Importantly, Norton DCJ accepted that there was suspicion that Mr Tran was not in the vehicle at the time of the accident but that the insurer had not established the "requisite level of proof" to demonstrate he was not in the vehicle

The insurer appealed.

Decision

The essential issue on appeal was whether the primary judge erred in in the evaluation of the evidence of the witnesses causing her Honour to wrongly conclude Mr Tran was a passenger in Ms Nguyen's vehicle at the time of the accident and thus erred in awarding him damages.

President Beazley (with AJA and Bellew J agreeing) determined the trial judge erred.

  1. The difficulty that I have perceived with her Honour’s approach is underscored by the manner in which she applied the Evidence Act, s 140. Her Honour observed, at [124], that if the appellant’s denial was made out, it would mean that the respondent and his two witnesses had committed perjury, had engaged in a conspiracy and that the MACA, ss 117 and 118 would be brought into play. Her Honour then referred to the Evidence Act, s 140 and to FTZK v Minister for Immigration and Border Protection and, in particular, to the observation of French CJ and Gageler J, at [12], that when considering the standard of proof, the “requisite degree of satisfaction is informed by the seriousness of the allegation”. This was a reference to the principle in Briginshaw v Briginshaw (1938) 60 CLR 336; [1938] HCA 34, which, it is accepted is now encompassed in s 140(2)(c).
  2. Her Honour, at [125], then dealt directly with the defence, noting that its effect was an allegation that the respondent’s claim was fraudulent. This, she said, was a “grave allegation”, such that it had to be proved by “‘clear or cogent or strict proof’ in order to make out on the balance of probabilities [that] allegation”, citing New South Wales v Hathaway at [263]….
  1. There are two problems with her Honour’s conclusion. First, the various matters to which her Honour had regard in the preceding paragraphs, which she considered reduced the weight of the evidence of the appellant’s witnesses, were matters which, in the main, were not raised in the course of the hearing, were not the subject of evidence and, in most respects, were matters of speculation. There were matters that might have had some impact on the weight of the evidence of Mr Kian and Ms D’Albora, including that they had discussed the event between themselves and that prior to giving their statements to the investigator, there had been numerous calls from the insurer. However, it was not put to Mr Kian at any stage in the proceedings that he may have been influenced by the questions asked.
  2. Secondly, her Honour’s observation that it had not been established to the requisite level that the respondent was not in the vehicle, reiterated the error that I consider she made at [125] as to the question of onus.
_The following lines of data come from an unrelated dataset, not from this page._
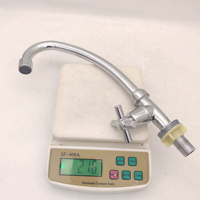 Robinet de cuisine et de salle de bain en ABS, vente en gros, à poignée unique, avec col long, évier de lavabo, noyau de valve en céramique, robinets d'évier de lavabo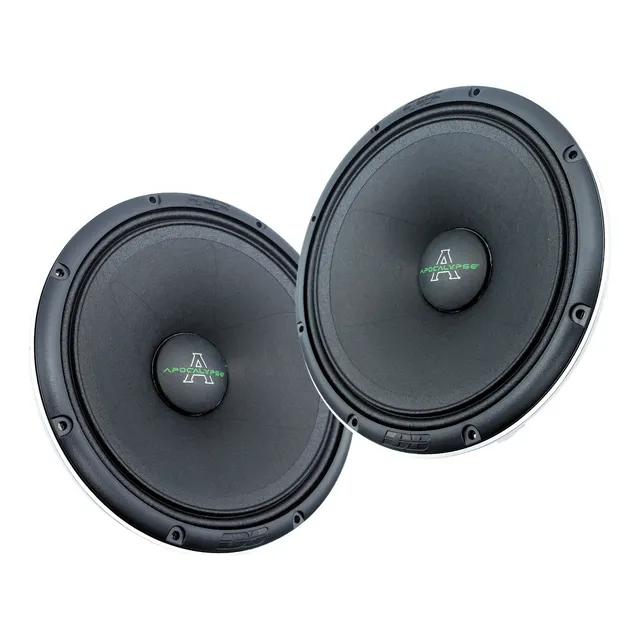 Deaf Bonce Bocina tipo midrange AP-M81AC para auto/camioneta color negra de 4Ω 8" x 8" x 8 " x 2 unidades
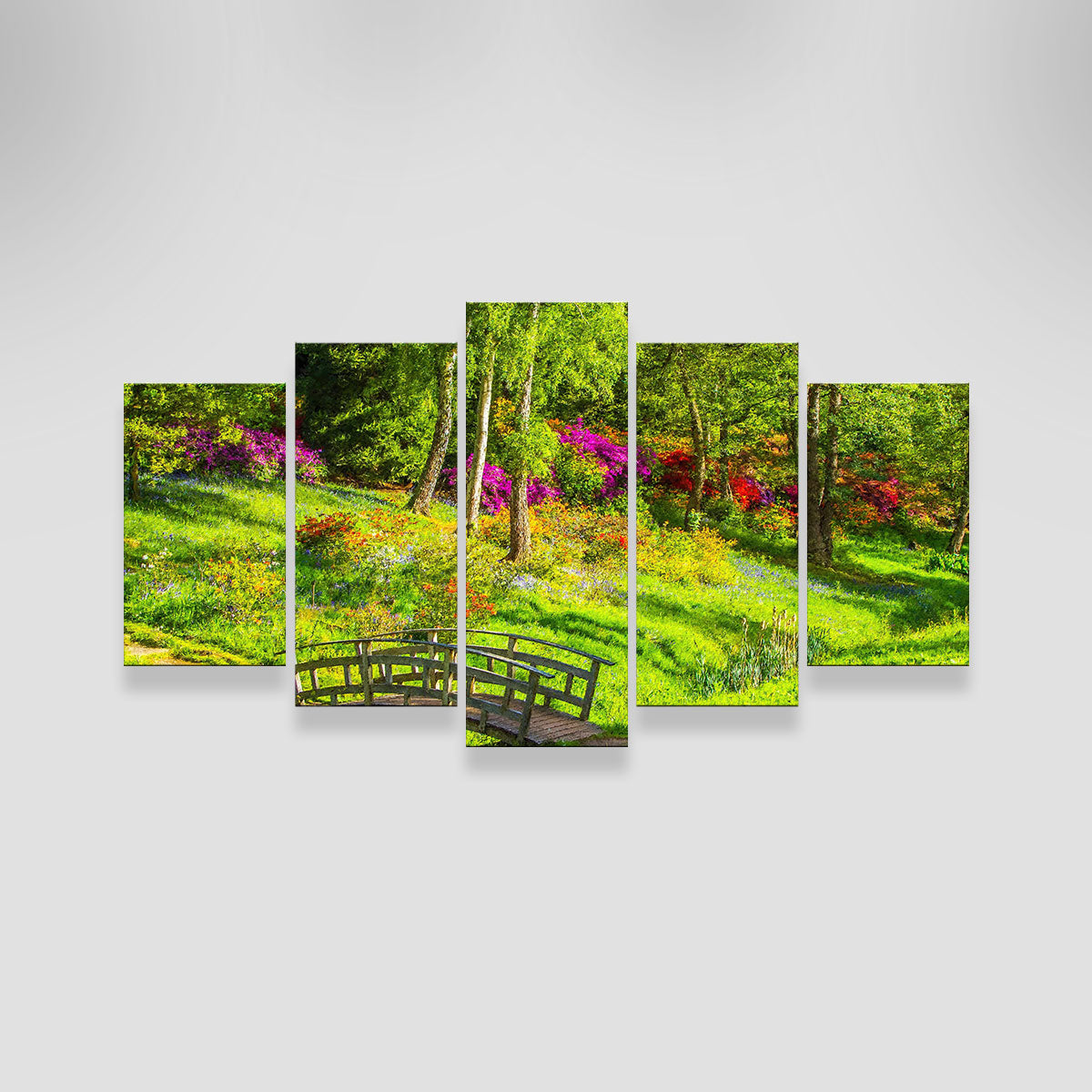 Garden Footpath Bridge Wall Art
As I have said, the appellant did not have to establish that the respondent was not in the vehicle. It was for the respondent to establish that he was. That question had to be determined on the whole of the evidence.

In summary, the Court of Appeal determined:

  1. The trial judge had approached the task of fact finding in a 'segmented' approach, which is incorrect. The question had to be determined on the whole of the evidence.
  2. The onus is on the plaintiff to establish he was a passenger in the vehicle on the balance of probabilities, rather than for the insurer to prove he was not present in the vehicle.

The Court of Appeal granted leave to appeal and allowed the appeal.

Why this case is important

The Court of Appeal has provided useful guidance on the onus of proof in cases involving potentially phantom passengers.

The Court of Appeal has confirmed that the onus is on the claimant to prove all elements of the claim, including that they were present in the vehicle when the accident occurred.

The onus is not on the insurer to prove that the claimant was not in the vehicle.

The standard of proof remains the balance of probabilities.